A number of recent construction projects at The Morton Arboretum are really building one thing: a welcoming space for a wider variety of people.

The Gerard T. Donnelly Grand Garden, the new Firefly Pavilion for weddings and events, and the newly rerouted Conifer Walk are all designed to be accessible to people who use wheelchairs, walkers, or strollers.

They are building blocks in the Arboretum’s ongoing effort to make experiences among trees and nature open to everyone.

The new route of the Conifer Walk doesn’t just wind among evergreen trees from around the world. It is now also a crucial link between paths leading to central areas of the Arboretum, connecting Meadow Lake, the Children’s Garden, The Grand Garden, and the new Firefly Pavilion, site of this year’s Evergreen Gala. Guests using wheelchairs or electric mobility scooters, or who simply prefer a paved path, can now make their way through varied sights.

Formerly, the path had steep slopes that made it difficult to traverse in a wheelchair or with a walker or cane. It was especially challenging for visitors to Illumination: Tree Lights at The Morton Arboretum, who may have struggled to get up a hill.

“We wanted to make this area something everyone can enjoy,” said Susan Jacobson, head of site planning and design, who laid out the new route. Basic geometry said that to make the slopes lower and easier, the path had to be longer, so now it meanders like a gently curving road.

Several areas of the Arboretum have been created with accessibility in mind, starting with the Visitor Center and the Arboretum’s central courtyard, Arbor Court, which has paved paths and shady seating areas.
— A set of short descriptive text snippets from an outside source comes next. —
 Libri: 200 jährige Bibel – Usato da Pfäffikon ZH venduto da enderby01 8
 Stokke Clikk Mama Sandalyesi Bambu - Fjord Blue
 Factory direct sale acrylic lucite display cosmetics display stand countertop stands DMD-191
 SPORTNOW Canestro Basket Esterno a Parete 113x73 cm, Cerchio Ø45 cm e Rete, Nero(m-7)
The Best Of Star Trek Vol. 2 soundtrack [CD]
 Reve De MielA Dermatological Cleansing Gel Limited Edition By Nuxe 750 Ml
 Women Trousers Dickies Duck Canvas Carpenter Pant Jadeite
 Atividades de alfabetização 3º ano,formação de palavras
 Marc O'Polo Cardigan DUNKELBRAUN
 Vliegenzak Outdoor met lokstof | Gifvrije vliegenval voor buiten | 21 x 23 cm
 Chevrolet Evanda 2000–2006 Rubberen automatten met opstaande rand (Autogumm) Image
They were designed to be accessible two decades ago.

Many areas of the Children’s Garden can also be enjoyed by people using wheelchairs, walkers, wagons, or strollers. The Tree Walk, with paved surfaces, tall trees, and easy-to-read signs, begins at the entrance gate. Nearby is a fountain in which a huge ball is balanced on water, at a perfect height for children in wheelchairs to touch and splash.

In the Every Which Way area, designed for preschool-age children, the path and many of the play structures can be entered with a child’s wheelchair. A paved path leads to Wonder Pond, home to many fish, toads, and dragonflies, and a wheelchair-accessible boardwalk runs alongside it. The family restrooms in the garden have power doors and cubicles with plenty of space.
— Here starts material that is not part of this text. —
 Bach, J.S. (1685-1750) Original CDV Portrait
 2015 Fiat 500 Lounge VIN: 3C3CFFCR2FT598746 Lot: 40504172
One of the Arboretum’s most popular paths is the one that sweeps around Meadow Lake, paved with asphalt and looping through sweeps of native plants. Benches, with space for wheelchairs alongside, provide places to pause and enjoy the view. Another accessible spot is the tranquil, shady Ground Cover Garden, with paved paths and with benches for restful pauses.
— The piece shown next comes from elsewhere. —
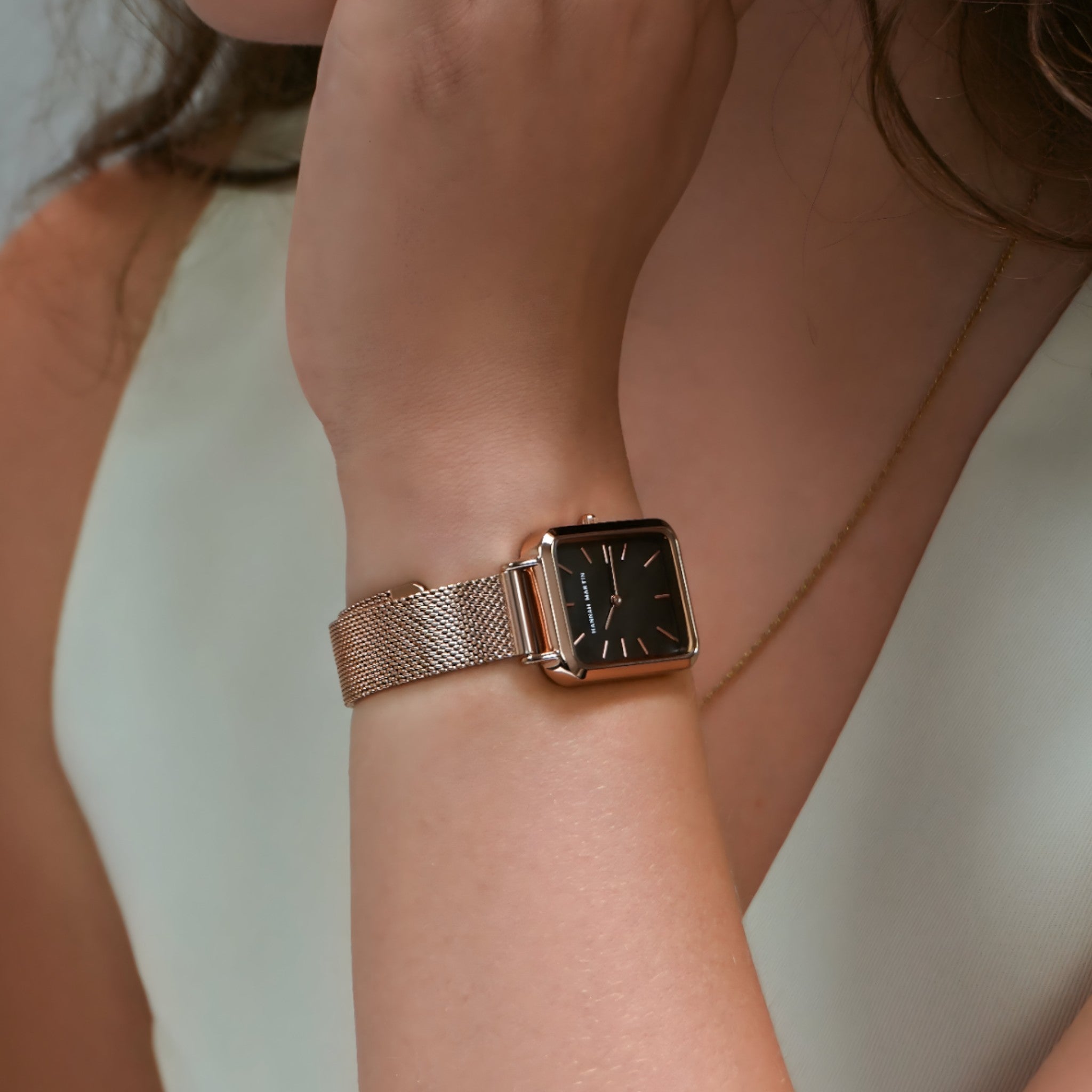 watches : Rechthoekige Klok - Tijdloos Ontwerp in van Pantino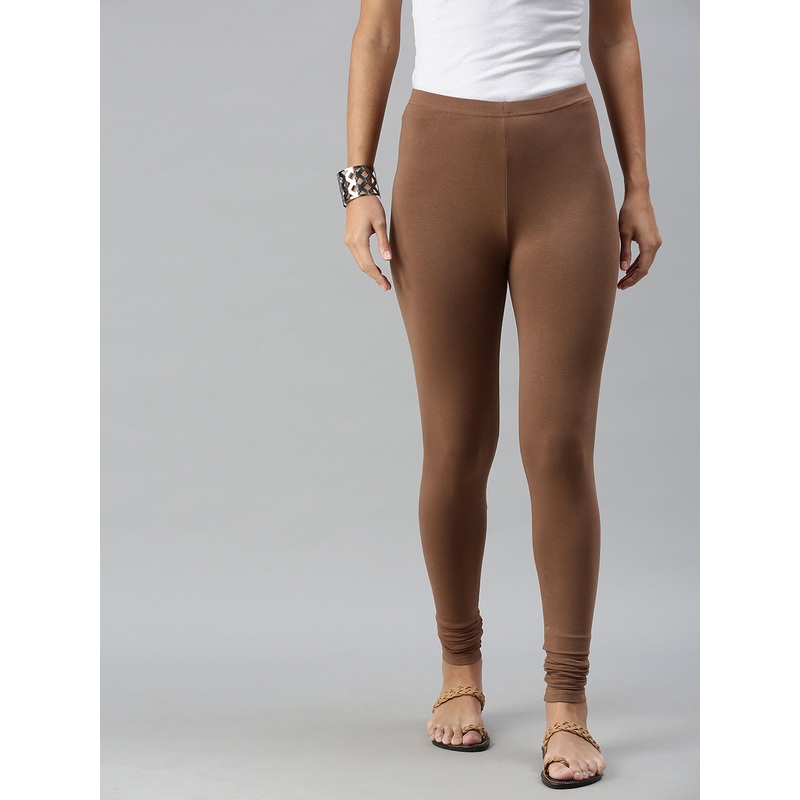 Churidar Leggings-Chocolate Brown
The Sterling Morton Library is fully accessible to wheelchairs. Farther afield, both the Prairie Visitor Station and the Big Rock Visitor Station are connected to short paved trails that loop through the Arboretum’s natural areas. The Fragrance Garden near the Thornhill Education Center is also wheelchair-accessible.

The Arboretum is continually working to make more of its spaces and experiences available and welcoming to more people. The Children’s Garden often works with groups of parents of children with sensory challenges to provide tailored programs. Tram tours have been arranged for groups of people with hearing disabilities. A “Have an Accessible Visit” guide on the website encourages guests to ask for help arranging accommodations.

The Arboretum is always building toward a more inclusive, diverse, accessible, and equitable future for all its guests, staff, and volunteers.